“I love to write, read, present, create and be in the throes of knowledge production,” says Samantha Carter, a first-year Ph.D. student in visual studies. “I’m always finding ways to straddle the line between creative and academic – because I’m definitely both.” Steve Zylius / UCI

Samantha Carter spent her younger years traversing the globe. The first-year visual studies Ph.D. student was born in Missouri, was raised in California, spent time in Vermont and her mother’s native Curaçao, earned degrees in Rhode Island and Amsterdam, and lived in Cuba before settling in Irvine. As she wrote in her UCI application essay, “Curaçao birthed me. California raised me. I found my heart in Cuba.”

One thing binds all of these places together for her: performance art. As a dancer, comic, writer and producer, Carter approaches life as a self-proclaimed “wild artist” straddling the line between academic and creative worlds. At UCI, she hopes to study the way marginalized artists navigate these worlds through digital tools, entering mainstream industries or designing niches of their own. And for Carter, a first-generation student whose coming-of-age was filled with the instability of several homes and insecurity over pursuing higher education, this research is personal.

As an undergraduate at Brown University, studying modern culture and media, she loved her program but often felt disoriented and had trouble adapting.

“It was definitely hard coming from a lower-class, poverty background to an institution where I was expected to know all the different types of silverware on the table and where most of my peers grew up more affluent than me,” Carter says. “I struggled with feelings of inadequacy, which I think a lot of undergraduates feel, but it’s amplified when you feel alone and unsure that you belong and aren’t really sure at first where to look for support.”

Self-doubt persisted through her master’s program at the University of Amsterdam, but encouragement from mentors and professors led her to continue in academia, even at universities where she felt out of her depth.

UCI, though, was different. The visual studies program, according to Carter, is “challenging, yet refreshingly down-to-earth.” The friendliness of the faculty, the availability of resources for first-gen students and the support of her peers were the biggest factors for Carter in choosing UCI – indeed, it was the only school she applied to.

The summer before starting here, she participated in the Competitive Edge program, an eight-week initiative designed to help incoming Ph.D. students underrepresented in their fields acclimate to the campus, access resources, and conduct research with faculty and peer mentors. Carter wrote a pitch for a television show starring marginalized actors and directors and intended through this “mutually beneficial, participatory” project to study how such artists use digital tools to break into Hollywood.

“I got to practice articulating my research, so I feel confident bringing it up now,” she says. “Working with my mentors helped assuage some of my insecurities and made me realize that I am smart enough to be here, I am deserving and capable of being in academia.”

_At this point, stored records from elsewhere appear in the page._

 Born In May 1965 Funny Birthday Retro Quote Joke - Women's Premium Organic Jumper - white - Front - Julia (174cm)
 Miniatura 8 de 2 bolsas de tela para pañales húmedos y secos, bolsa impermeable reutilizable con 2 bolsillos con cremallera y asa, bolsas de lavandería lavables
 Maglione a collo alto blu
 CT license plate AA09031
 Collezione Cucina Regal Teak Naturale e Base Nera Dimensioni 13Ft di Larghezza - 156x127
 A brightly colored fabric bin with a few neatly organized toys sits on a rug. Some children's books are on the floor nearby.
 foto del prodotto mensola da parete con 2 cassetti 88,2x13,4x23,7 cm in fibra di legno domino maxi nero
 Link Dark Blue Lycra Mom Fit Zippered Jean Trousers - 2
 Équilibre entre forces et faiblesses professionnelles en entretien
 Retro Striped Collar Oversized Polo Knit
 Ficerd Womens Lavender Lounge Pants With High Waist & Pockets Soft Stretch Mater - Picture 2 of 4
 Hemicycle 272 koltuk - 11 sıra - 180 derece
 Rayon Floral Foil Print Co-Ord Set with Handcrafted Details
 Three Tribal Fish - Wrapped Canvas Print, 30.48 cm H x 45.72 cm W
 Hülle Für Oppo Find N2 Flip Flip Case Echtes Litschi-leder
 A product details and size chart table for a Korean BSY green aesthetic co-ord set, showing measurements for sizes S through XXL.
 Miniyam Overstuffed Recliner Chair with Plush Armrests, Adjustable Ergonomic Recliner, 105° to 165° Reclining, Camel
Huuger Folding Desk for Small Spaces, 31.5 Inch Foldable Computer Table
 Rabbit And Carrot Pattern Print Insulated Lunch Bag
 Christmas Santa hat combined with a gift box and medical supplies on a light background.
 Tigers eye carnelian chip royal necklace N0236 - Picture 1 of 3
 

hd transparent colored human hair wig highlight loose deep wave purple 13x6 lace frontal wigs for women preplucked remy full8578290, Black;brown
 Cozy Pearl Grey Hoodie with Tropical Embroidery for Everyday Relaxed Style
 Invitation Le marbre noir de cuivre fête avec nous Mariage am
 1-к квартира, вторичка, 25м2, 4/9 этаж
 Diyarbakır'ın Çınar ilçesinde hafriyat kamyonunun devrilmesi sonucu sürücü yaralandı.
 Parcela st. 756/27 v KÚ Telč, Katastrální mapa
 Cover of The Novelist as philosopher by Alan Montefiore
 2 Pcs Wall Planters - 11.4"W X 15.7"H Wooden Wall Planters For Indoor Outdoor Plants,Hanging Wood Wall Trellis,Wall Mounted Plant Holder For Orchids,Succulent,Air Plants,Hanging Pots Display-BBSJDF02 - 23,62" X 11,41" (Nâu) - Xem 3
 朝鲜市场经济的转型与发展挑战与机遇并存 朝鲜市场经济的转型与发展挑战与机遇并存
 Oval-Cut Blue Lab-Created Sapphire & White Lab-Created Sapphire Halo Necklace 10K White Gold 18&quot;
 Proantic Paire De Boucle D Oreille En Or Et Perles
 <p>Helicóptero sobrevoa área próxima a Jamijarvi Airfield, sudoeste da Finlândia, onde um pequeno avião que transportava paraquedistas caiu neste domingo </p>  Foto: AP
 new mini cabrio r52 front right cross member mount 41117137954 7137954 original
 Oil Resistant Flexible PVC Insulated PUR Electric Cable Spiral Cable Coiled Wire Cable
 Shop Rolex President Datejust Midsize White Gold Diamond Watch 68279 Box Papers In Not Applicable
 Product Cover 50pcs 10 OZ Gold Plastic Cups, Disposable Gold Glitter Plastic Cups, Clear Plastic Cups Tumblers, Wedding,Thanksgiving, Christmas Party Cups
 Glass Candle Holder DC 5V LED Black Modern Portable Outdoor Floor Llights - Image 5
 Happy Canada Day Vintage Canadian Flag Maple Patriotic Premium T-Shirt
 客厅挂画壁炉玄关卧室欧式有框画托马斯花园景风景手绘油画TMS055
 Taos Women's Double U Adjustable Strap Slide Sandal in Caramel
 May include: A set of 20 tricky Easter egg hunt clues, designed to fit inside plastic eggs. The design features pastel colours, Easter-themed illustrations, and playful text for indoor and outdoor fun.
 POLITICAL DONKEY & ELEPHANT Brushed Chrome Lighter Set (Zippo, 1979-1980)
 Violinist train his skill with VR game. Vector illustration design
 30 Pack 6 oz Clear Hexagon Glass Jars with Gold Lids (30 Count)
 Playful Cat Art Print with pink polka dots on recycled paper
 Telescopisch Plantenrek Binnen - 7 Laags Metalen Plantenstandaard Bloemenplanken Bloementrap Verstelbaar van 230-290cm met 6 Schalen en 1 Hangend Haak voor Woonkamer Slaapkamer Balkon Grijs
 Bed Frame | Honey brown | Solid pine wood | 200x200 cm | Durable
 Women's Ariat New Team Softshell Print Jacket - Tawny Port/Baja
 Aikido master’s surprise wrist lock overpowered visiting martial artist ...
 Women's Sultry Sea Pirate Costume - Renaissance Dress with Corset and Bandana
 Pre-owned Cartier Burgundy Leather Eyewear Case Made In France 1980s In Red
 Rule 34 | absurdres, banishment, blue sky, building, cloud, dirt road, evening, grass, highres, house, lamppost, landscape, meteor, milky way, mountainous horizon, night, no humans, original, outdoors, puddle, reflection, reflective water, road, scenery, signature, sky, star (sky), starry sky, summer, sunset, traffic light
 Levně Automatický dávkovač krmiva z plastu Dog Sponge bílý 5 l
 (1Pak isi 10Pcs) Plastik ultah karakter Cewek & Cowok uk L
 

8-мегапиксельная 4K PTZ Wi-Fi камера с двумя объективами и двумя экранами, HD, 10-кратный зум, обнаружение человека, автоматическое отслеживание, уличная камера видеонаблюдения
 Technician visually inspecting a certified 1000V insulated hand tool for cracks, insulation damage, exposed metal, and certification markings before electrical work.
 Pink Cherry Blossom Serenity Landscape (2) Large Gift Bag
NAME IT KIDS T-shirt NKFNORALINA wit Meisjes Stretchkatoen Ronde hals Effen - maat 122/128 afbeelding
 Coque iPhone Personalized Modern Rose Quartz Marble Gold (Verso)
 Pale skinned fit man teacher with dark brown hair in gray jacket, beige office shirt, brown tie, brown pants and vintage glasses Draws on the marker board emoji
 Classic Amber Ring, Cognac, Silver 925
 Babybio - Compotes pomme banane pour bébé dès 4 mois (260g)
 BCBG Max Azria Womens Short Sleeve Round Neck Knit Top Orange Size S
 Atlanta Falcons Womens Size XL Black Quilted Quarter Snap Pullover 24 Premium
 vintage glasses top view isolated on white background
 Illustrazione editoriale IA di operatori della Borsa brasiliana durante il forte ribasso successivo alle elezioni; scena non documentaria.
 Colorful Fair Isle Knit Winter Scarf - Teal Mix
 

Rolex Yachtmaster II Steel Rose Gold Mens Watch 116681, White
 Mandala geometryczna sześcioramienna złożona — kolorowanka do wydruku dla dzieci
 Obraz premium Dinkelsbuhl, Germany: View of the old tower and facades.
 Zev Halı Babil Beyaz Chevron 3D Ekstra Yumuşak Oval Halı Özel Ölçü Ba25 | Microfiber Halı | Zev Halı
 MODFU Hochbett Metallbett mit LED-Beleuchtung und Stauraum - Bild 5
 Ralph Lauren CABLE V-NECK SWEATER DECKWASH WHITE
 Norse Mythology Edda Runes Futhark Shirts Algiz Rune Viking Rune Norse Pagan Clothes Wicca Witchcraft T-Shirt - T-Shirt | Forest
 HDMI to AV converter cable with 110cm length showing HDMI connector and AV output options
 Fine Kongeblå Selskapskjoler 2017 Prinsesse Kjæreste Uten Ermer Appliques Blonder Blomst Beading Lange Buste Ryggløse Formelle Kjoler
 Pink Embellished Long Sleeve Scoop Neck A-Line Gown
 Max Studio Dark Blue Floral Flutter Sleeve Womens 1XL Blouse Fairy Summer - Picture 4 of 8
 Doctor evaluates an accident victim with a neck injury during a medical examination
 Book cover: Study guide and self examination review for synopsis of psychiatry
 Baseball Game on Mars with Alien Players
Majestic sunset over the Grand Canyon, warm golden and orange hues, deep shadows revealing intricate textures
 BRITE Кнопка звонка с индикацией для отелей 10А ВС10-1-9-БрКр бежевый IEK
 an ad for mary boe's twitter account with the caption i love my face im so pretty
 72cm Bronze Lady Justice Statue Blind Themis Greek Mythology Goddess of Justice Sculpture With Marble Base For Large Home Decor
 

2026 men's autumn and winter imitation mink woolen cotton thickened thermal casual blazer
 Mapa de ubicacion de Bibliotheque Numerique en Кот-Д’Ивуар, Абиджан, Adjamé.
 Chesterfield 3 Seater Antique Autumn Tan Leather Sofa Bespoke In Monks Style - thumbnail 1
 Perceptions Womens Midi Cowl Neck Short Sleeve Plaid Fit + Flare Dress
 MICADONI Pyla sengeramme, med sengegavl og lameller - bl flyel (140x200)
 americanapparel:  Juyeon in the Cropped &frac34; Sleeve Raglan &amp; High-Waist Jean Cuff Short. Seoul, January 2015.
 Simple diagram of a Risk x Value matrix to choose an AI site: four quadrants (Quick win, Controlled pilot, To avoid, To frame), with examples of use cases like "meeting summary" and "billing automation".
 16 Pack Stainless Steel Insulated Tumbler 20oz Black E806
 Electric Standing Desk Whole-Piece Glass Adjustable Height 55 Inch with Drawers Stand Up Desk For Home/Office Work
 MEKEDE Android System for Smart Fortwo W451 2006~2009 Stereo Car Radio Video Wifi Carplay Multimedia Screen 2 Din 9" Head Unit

Although first-year Ph.D. students focus mainly on taking classes, Carter has already begun conceptualizing her dissertation project: She plans to orchestrate her own production, recruiting marginalized artists from across Southern California, and will carry out an ethnographic study on how the cast and crew adapt to the creative workplace. This, she hopes, will be the first of many ventures in a long academic career spent both studying her field and actively participating in it as a creative producer.

“I love to write, read, present, create and be in the throes of knowledge production,” Carter says. “I’m always finding ways to straddle the line between creative and academic – because I’m definitely both.”

She remembers a formative phone call with film & media studies professor Fatimah Tobing Rony just before beginning her first quarter at UCI. When discussing Carter’s plan of study, Rony asked her to evaluate the “landscape of her life” and make sure her academic goals aligned with her “wild artist” identity, her family history and her passions. Reflecting on the myriad worlds she’d already experienced, Carter opted to pursue a career as an “artist-academic” and is determined to make the creative world – and higher education – more accessible to students like herself.

“Just the fact that I’m still here in academia, despite all the things that could have taken me out or in a whole different direction, makes me so proud,” she says. “Coming into visual studies at UCI feels like walking into a space filled with a lot of different people who are going to help form me into the academic I’d like to be.”